El 4 de julio de 1943, Wladyslaw Sikorski y su hija morían en extrañas circunstancias al estrellarse el avión en el que viajaban tras despegar de Gibraltar.
A pesar de las presiones de británicos y norteamericanos para que los hechos no fueran investigados, Sikorski pidió que la Cruz Roja Internacional llevase a cabo una investigación a fondo de lo ocurrido. A raíz de esa petición, el presidente Sikorski y la Unión Soviética rompieron relaciones diplomáticas. El 4 de julio de 1943, Wladyslaw Sikorski y su hija morían en extrañas circunstancias al estrellarse el avión en el que viajaban tras despegar de Gibraltar.

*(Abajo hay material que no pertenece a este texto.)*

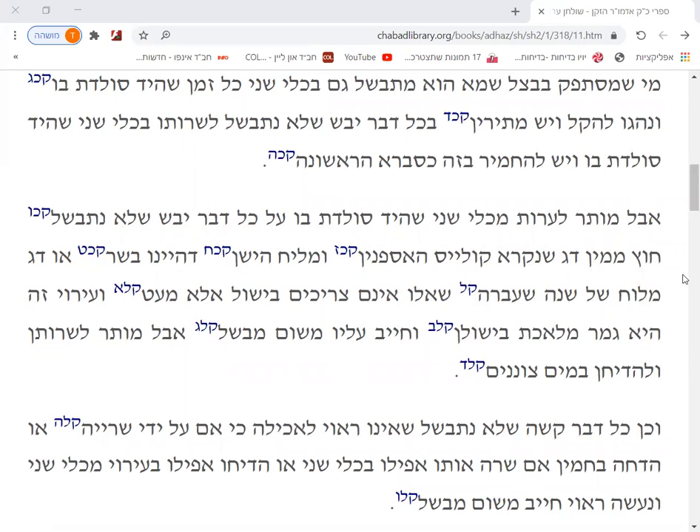Even if it's dry and not wet, even if this thing is not boiled yet — because a Kli Shani does not cook, and especially pouring from a Kli Shani for sure does not cook. Well, almost for sure. There is some sort of a fish, like a sardine, that a little bit of hot water, even from a Kli Shani, will finish it off — and that you can't do. But generally speaking, a Kli Shani does not boil.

Los alemanes ordenaron y llevaron adelante las autopsias de los restos de Katyn y permitieron actuar a la Cruz Roja polaca: también invitaron a oficiales aliados y a cientos de testigos para dejar en claro que los asesinatos habían sido obra de los soviéticos. Pero los soviéticos le echaron la culpa de la masacre a los alemanes. Empezó así un largo mal entendido que duró medio siglo y estuvo signado por la hipocresía, la mentira y el encubrimiento por parte de Gran Bretaña y Estados Unidos, que primero necesitaban a Stalin como aliado y, terminada la guerra, decidieron callar.

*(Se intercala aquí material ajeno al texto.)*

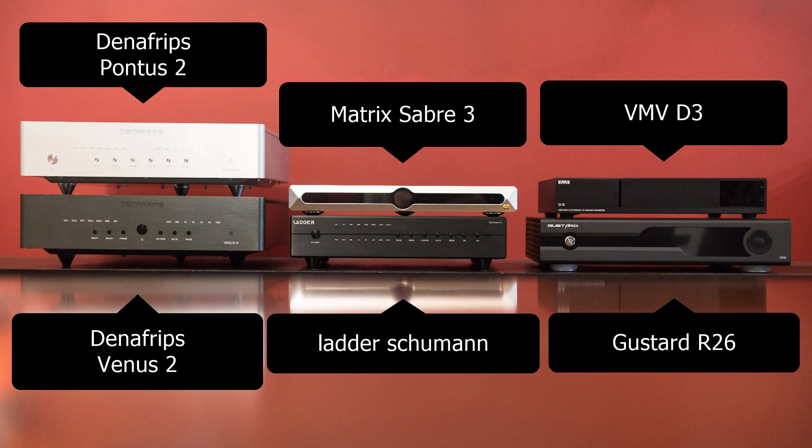Now that Tony has tried all six DACs, Thomas asks for his take on R2R. Tony says they sound more analog — most of them, not all. Five were R2R, one was Delta Sigma (the Matrix). The DACs tested were: the SMSL VMV D3, the Denafrips Venus 2 and Pontus 2, the Matrix Sabre X3 (Delta Sigma), the Schumann Ladder DAC — a new DAC Thomas is about to review — and the Gustard R26, a new R2R DAC sent by Shenzhen Audio. All were impressive, but none were perfect.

En Estados Unidos, el gobierno de Franklin D. Roosevelt también guardó silencio sobre el caso. Los documentos desclasificados y publicados por el Archivo Nacional de Estados Unidos revelaron en 2012 que Roosevelt había recibido varios mensajes codificados que sugerían que habían sido los soviéticos, no los alemanes, los autores de la masacre de Katyn. Y que la estrategia de guerra valoró más evitar el enojo del líder de la URSS.

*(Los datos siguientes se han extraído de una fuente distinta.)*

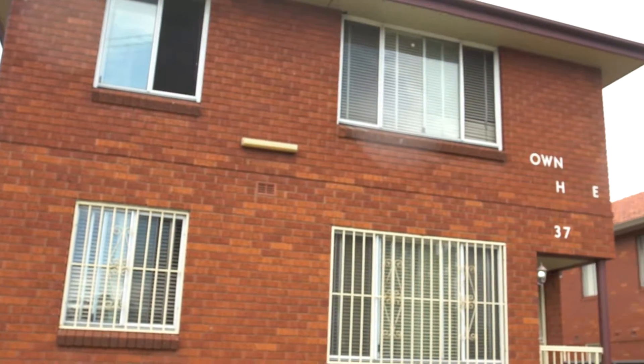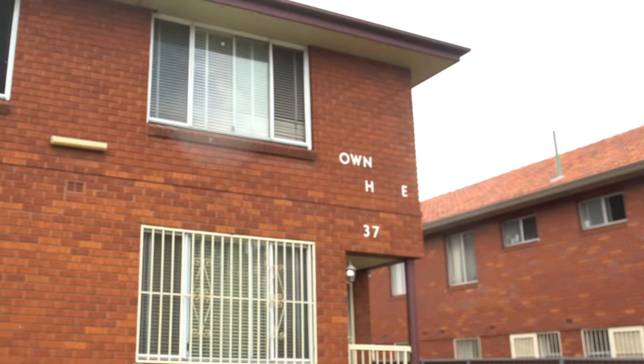As an investment, the gross annual income is an impressive $123,000 per annum. I hope you enjoyed the video and look forward to seeing you at the open homes.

Con el fin de la guerra, se clasificó cualquier documento que hiciera referencia a los crímenes cometidos en Katyn. La censura del régimen comunista impedía incluso que se pronunciara ese nombre en público, y quienes lo hacían en privado se arriesgaban a ser incluidos en las listas de la policía política polaca, la SB, y en algunos casos, incluso, acabar en la cárcel.
Con el fin de la guerra, se clasificó cualquier documento que hiciera referencia a los crímenes cometidos en Katyn.
Para el historiador polaco Ryszard Zelichowski: «Aquella matanza supuso una enorme pérdida para Polonia«; buena parte de la gente más formada murió, y ese episodio siempre ha marcado las relaciones de Polonia con Rusia. A pesar de que tras la caída del bloque comunista se hallaron aún más fosas comunes, todavía se desconoce dónde están enterrados los cuerpos de 7.000 de aquellas víctimas. Moscú ha acabado reconociendo que la matanza se produjo, pero jamás ha admitido que fuera ni un crimen de guerra ni mucho menos un genocidio, un delito que nunca prescribe. Jamás ha rehabilitado a las víctimas y se ha negado a reabrir los archivos. Muchos historiadores consideran que para Rusia es muy difícil abordar este tema porque supone enfrentarse a un oscuro pasado y a los millones de víctimas del estalinismo.